Esperanza s'attendait au déchaînement d'hormones, si bien qu'elle n'est pas surprise de suer comme un cochon dès qu'elle met quelque chose par-dessus son T-shirt et de se retrouver à dormir sans le moindre drap.
Mais dès qu'elle est saisie de ce qu'elle croit tout d'abord être des nausées matinales et se retrouve à cracher des flammes, alors là, c'est inattendu.
Héphaïstos arrive tout de suite lorsqu'elle mentionne la chose dans la prière qu'elle lui adresse – et en passant, c'est rudement plus pratique qu'un téléphone, ce système. Il n'a pas l'air vraiment ravi, et quand il lui explique exactement pourquoi Londres a pris feu au dix-septième siècle, elle comprend totalement.
Apprendre que votre bébé à naître aura le pouvoir de détruire tout ce qu'il touche ne devrait pas être une occasion joyeuse, mais Esperanza se rappelle le conte de Prométhée, le Titan qui a remis le feu à l'humanité pour que celle-ci accède à la connaissance. Elle a toujours préféré cette histoire à celle du Jardin d'Eden, l'image d'une divinité voulant que les hommes progressent au lieu de leur imposer des limites.
Toute connaissance est bonne à prendre, c'est l'usage qu'on en fait qui mérite la louange ou la critique. Utiliser sa voiture pour se rendre chez grand-mère, parfait. Renverser une petite vieille avec sa voiture, mauvais.

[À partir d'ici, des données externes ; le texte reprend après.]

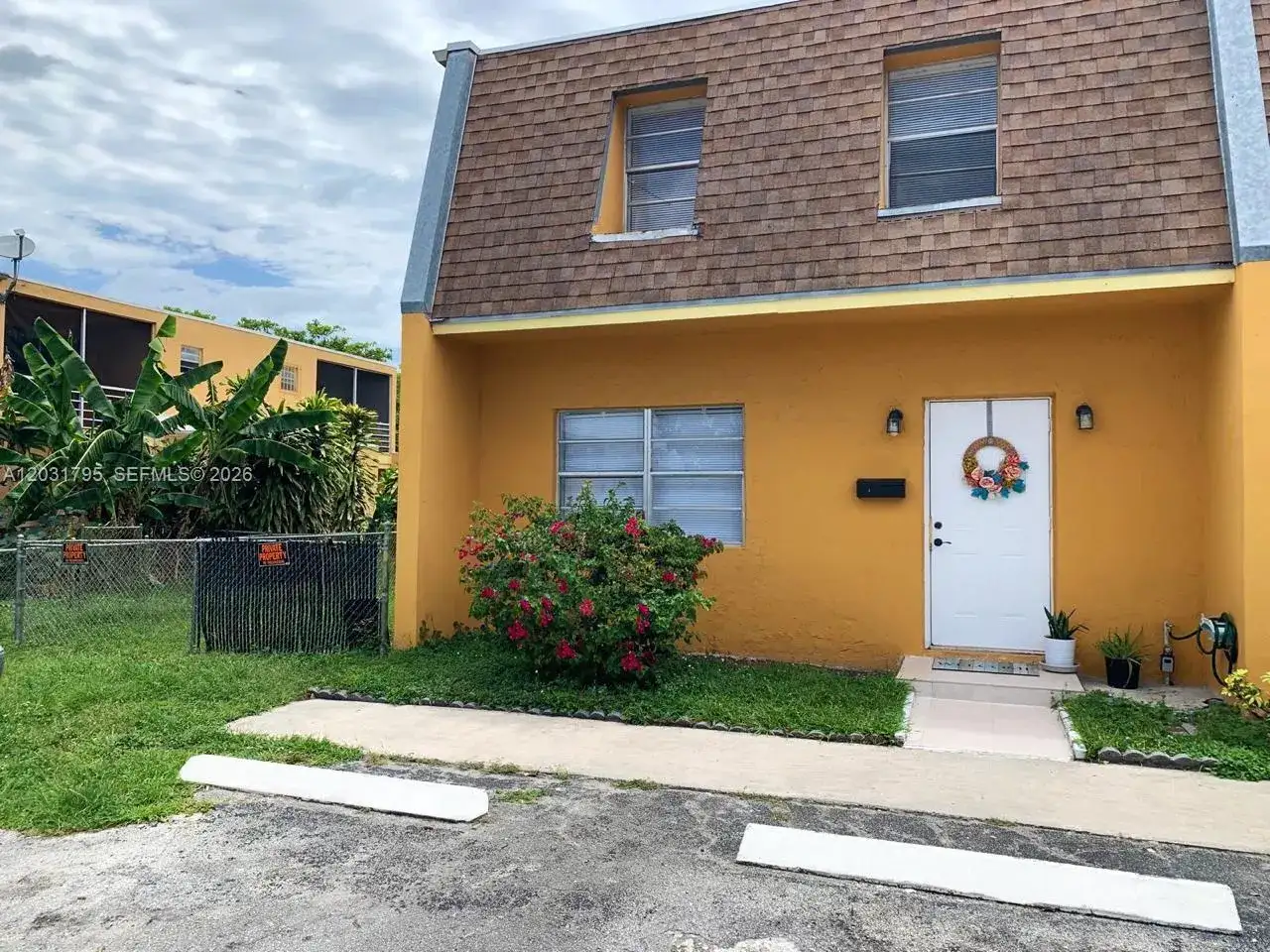 2698 NW 60th Way # 165, Sunrise FL 33313 photo 2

Ce n'est pas la voiture qui est en tort, c'est le conducteur, et Esperanza n'a jamais compris pourquoi les gens s'obstinent à trouver les outils ou les objets bons ou mauvais.
Pour sa part, Héphaïstos n'est pas très rassuré – ça se répercute sur son apparence, et sa mine est encore plus rouge et gonflée qu'à l'ordinaire, si bien que sa tête ressemble à un ballon auquel on aurait scotché une barbe noire emmêlée.
« Tu sais, d'habitude, les parents s'inquiètent à la perspective que leurs enfants ne feront pas de grandes choses » commente Esperanza.
« Il va faire de grandes choses » concède Héphaïstos – et oh, ce sera donc un garçon ? Un niño ? « Mais être quelqu'un de grand, ce n'est pas forcément être quelqu'un de bon. »
Esperanza rit – un rire comme un carillon de porte, ceux avec des cristaux et des lamelles de métal, aux sons si purs et vibrants.
« Tu lui as donné de quoi être grand, mi amor. Fais-moi confiance pour ce qui est de lui apprendre à pousser droit. »
Les dieux sont grands et redoutables, mais ils sont rarement bons, compatissants ou bienveillants. Esperanza peut les comprendre, c'est difficile d'avoir de la sympathie pour une autre espèce que la sienne, encore plus une espèce aussi insignifiante et chétive que les fourmis le sont pour les humains. Et puis, les dieux sont des phénomènes, des incarnations de la nature, et la nature n'est pas quelque chose de bon par essence. Elle est, tout simplement.
La gentillesse, c'est quelque chose d'humain, une invention humaine. Il faut être humain pour l'apprendre. Héphaïstos essaie, et elle l'aime d'autant plus pour ses efforts, mais il n'arrivera jamais à comprendre tout à fait, même s'il peut envisager intellectuellement le concept.
L'enfant d'Esperanza – son fils, son bebito, il faut qu'elle lui trouve un nom, un beau – pourra comprendre ce qui échappera à jamais à son père. Parce qu'il n'est pas seulement l'enfant d'Héphaïstos, il est aussi à elle. Il est aussi humain, même si ce n'est qu'à moitié.
Il faut être humain pour aimer l'humanité. Il faut être humain pour sauver l'humanité. Esperanza n'est peut-être pas une voyante, mais ça, elle le sait.